§ **PROBLEM DESCRIPTION**: Exactly as written, reproduce the lines from the beginning of the data through the line containing "MA license plate 172WN0"; the pictures are not reproduced.

──────── MATERIAL FOR THIS TASK ────────

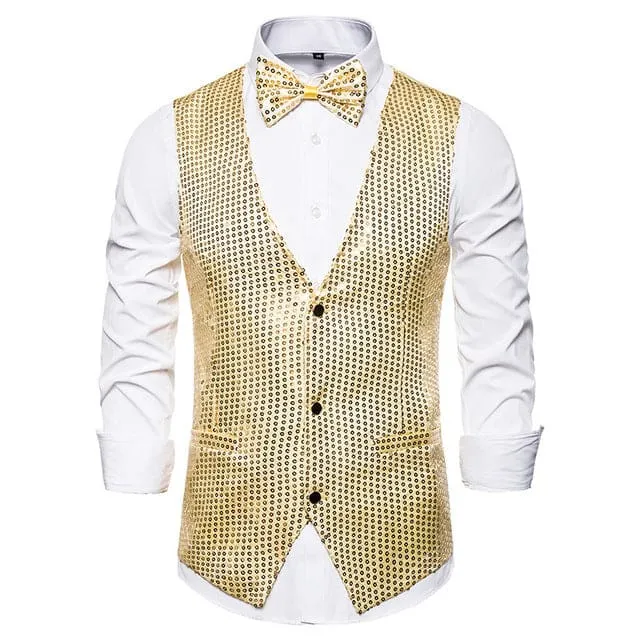 Luxury Sequin Glitter Flower Lapel Men Blazer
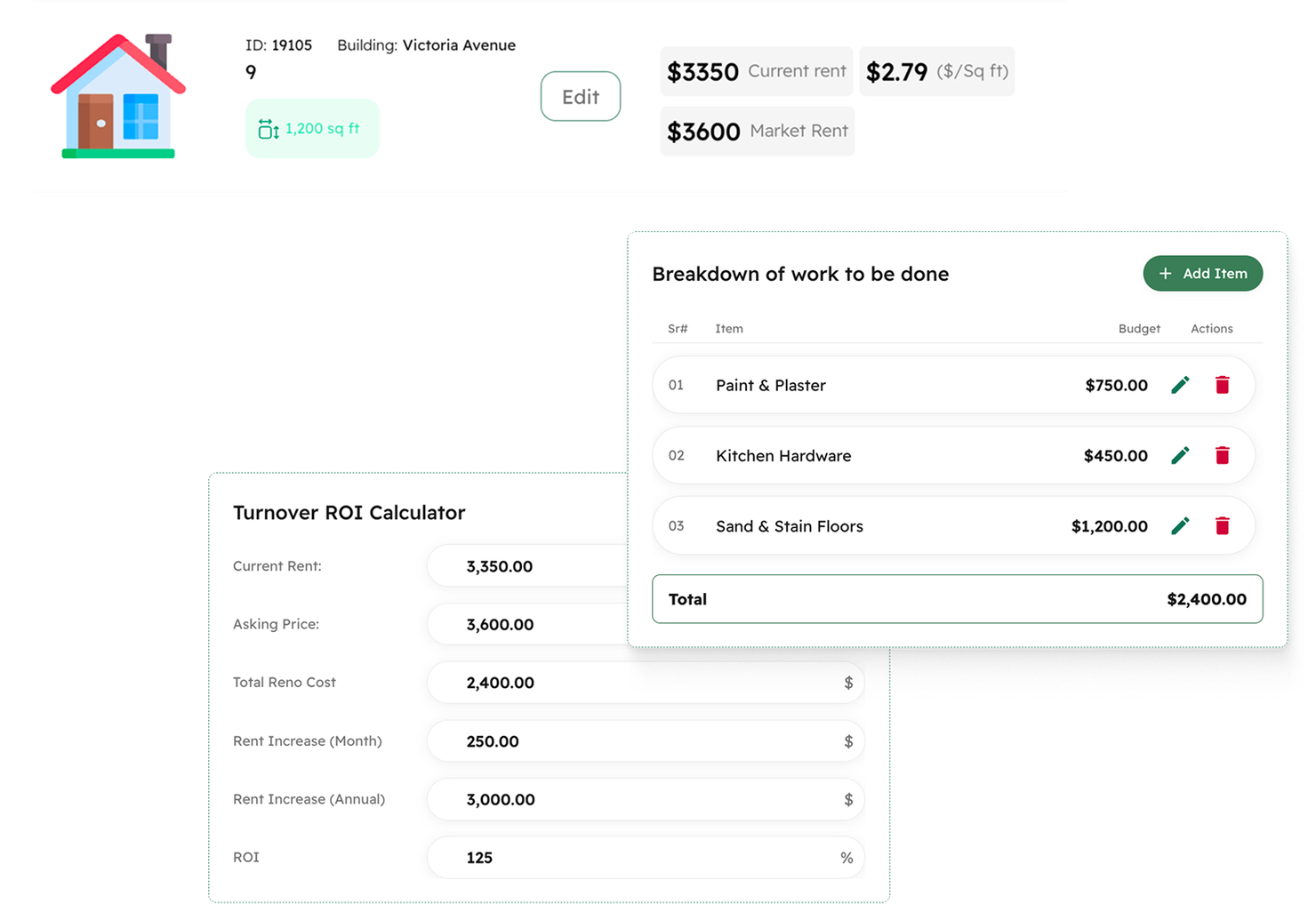 Kompas Turnover ROI calculator next to the breakdown of work to be done in a unit
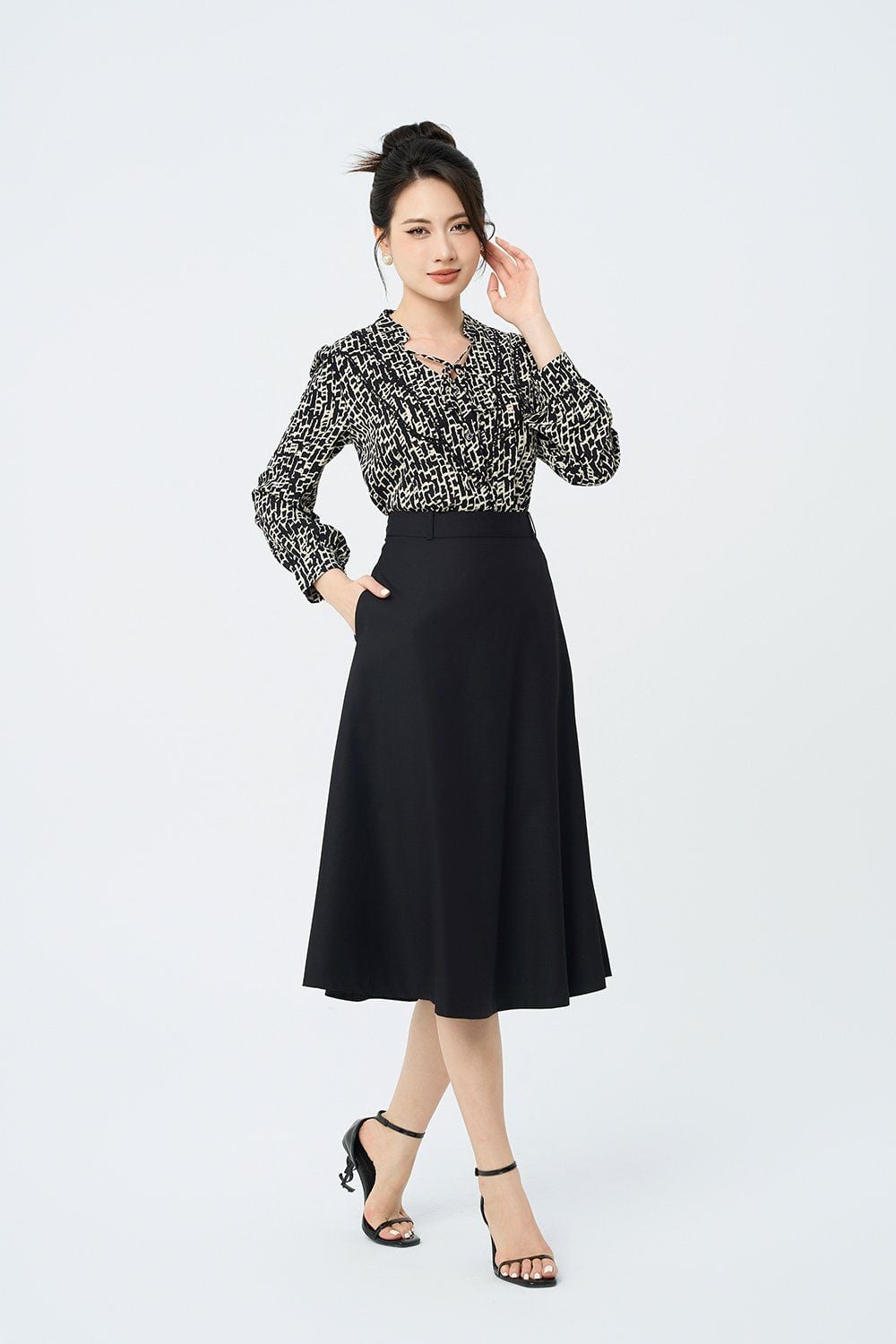 SƠ MI DÀI TAY HỌA TIẾT SM41952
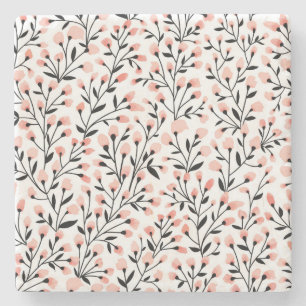 Doodle Flowers: Coral Floral Seamless. Stone Coaster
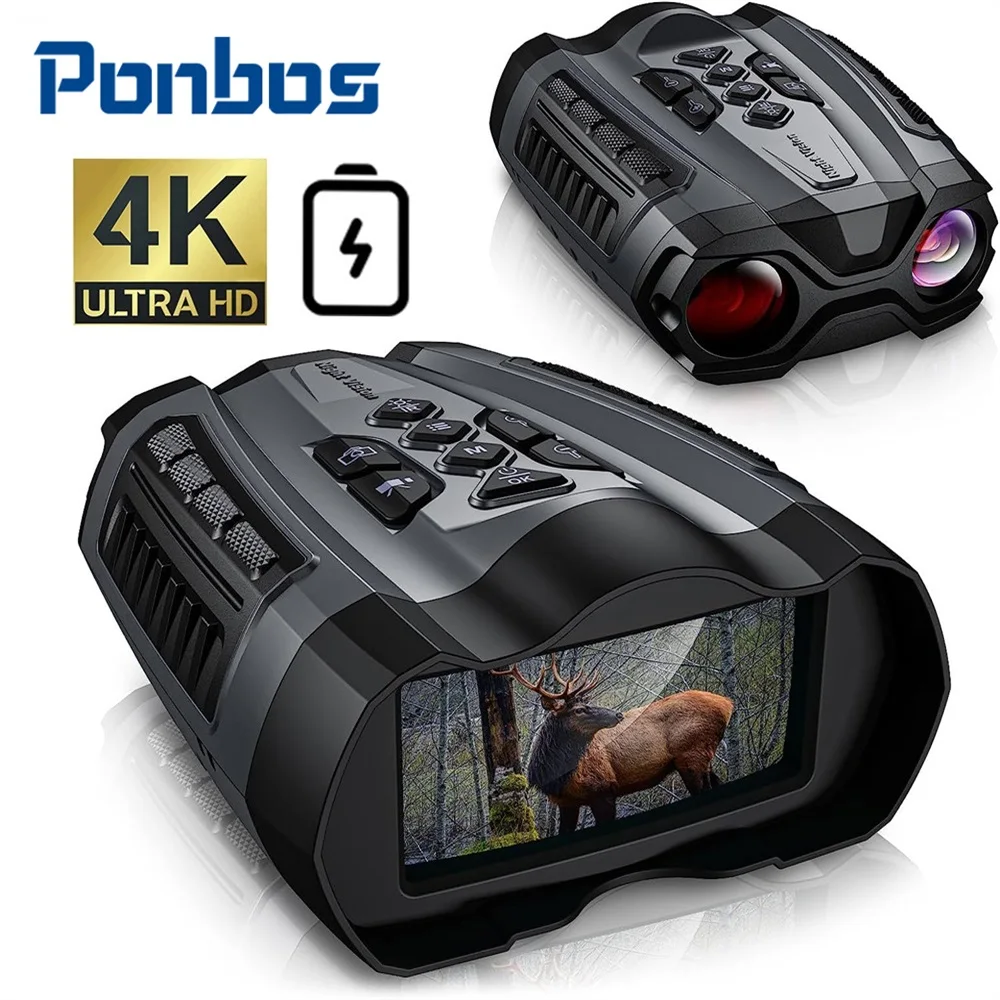 

Ponbos 4K UHD 58MP Portable Binoculars Telescope 10X Digital Zoom 300M Infrared Night Vision Camera for Hunting Camping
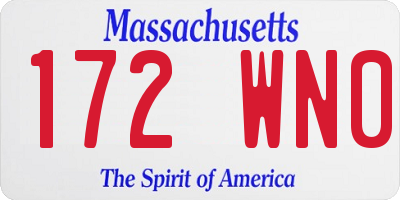 MA license plate 172WN0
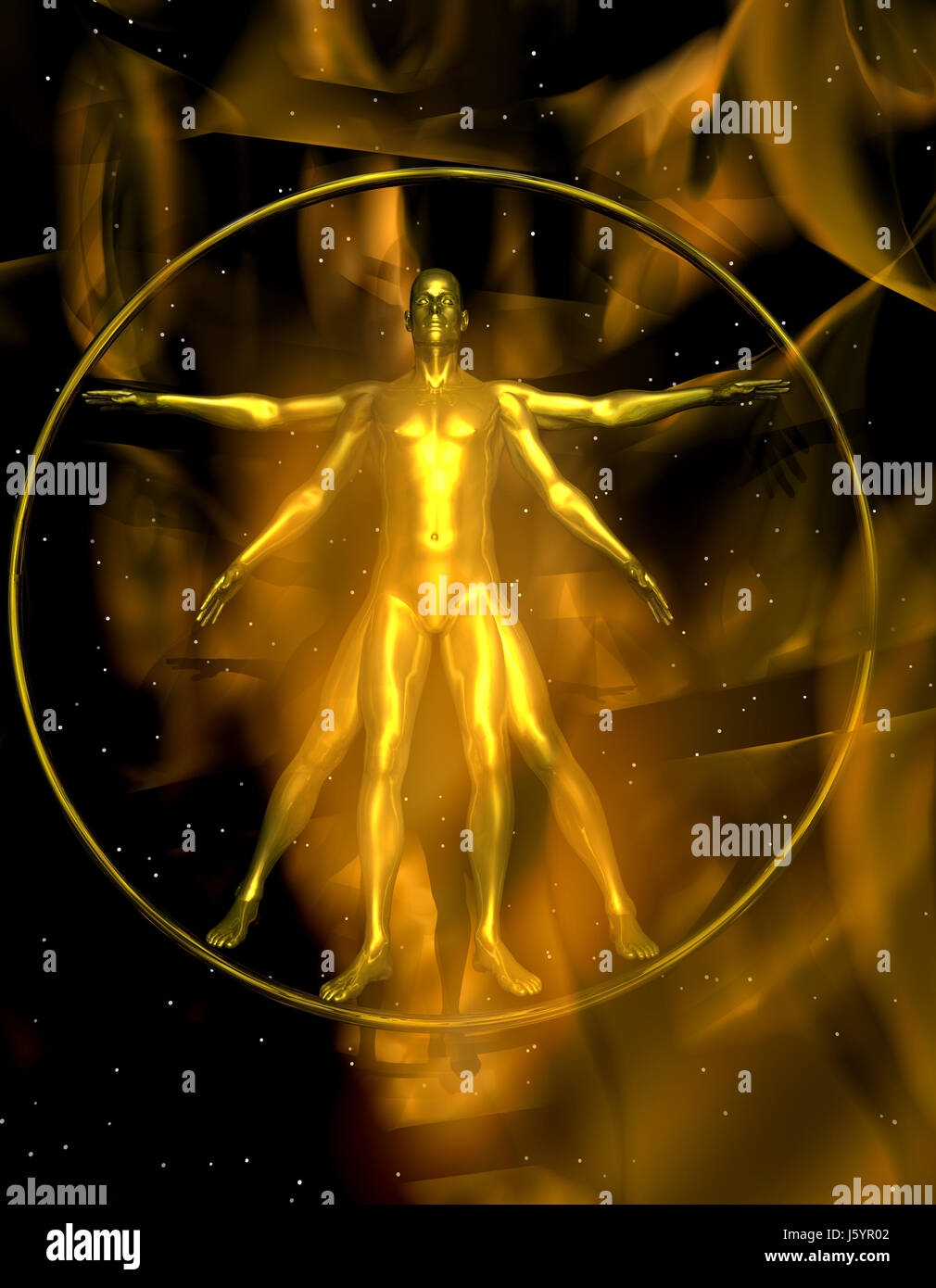 L'uomo medicalmente Illustrazione medica pongono stelle eterna asterischi nuvole render Foto Stock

────────

§ **RESPONSE BOX**:
 Luxury Sequin Glitter Flower Lapel Men Blazer
 Kompas Turnover ROI calculator next to the breakdown of work to be done in a unit
 SƠ MI DÀI TAY HỌA TIẾT SM41952
 Doodle Flowers: Coral Floral Seamless. Stone Coaster

Ponbos 4K UHD 58MP Portable Binoculars Telescope 10X Digital Zoom 300M Infrared Night Vision Camera for Hunting Camping
 MA license plate 172WN0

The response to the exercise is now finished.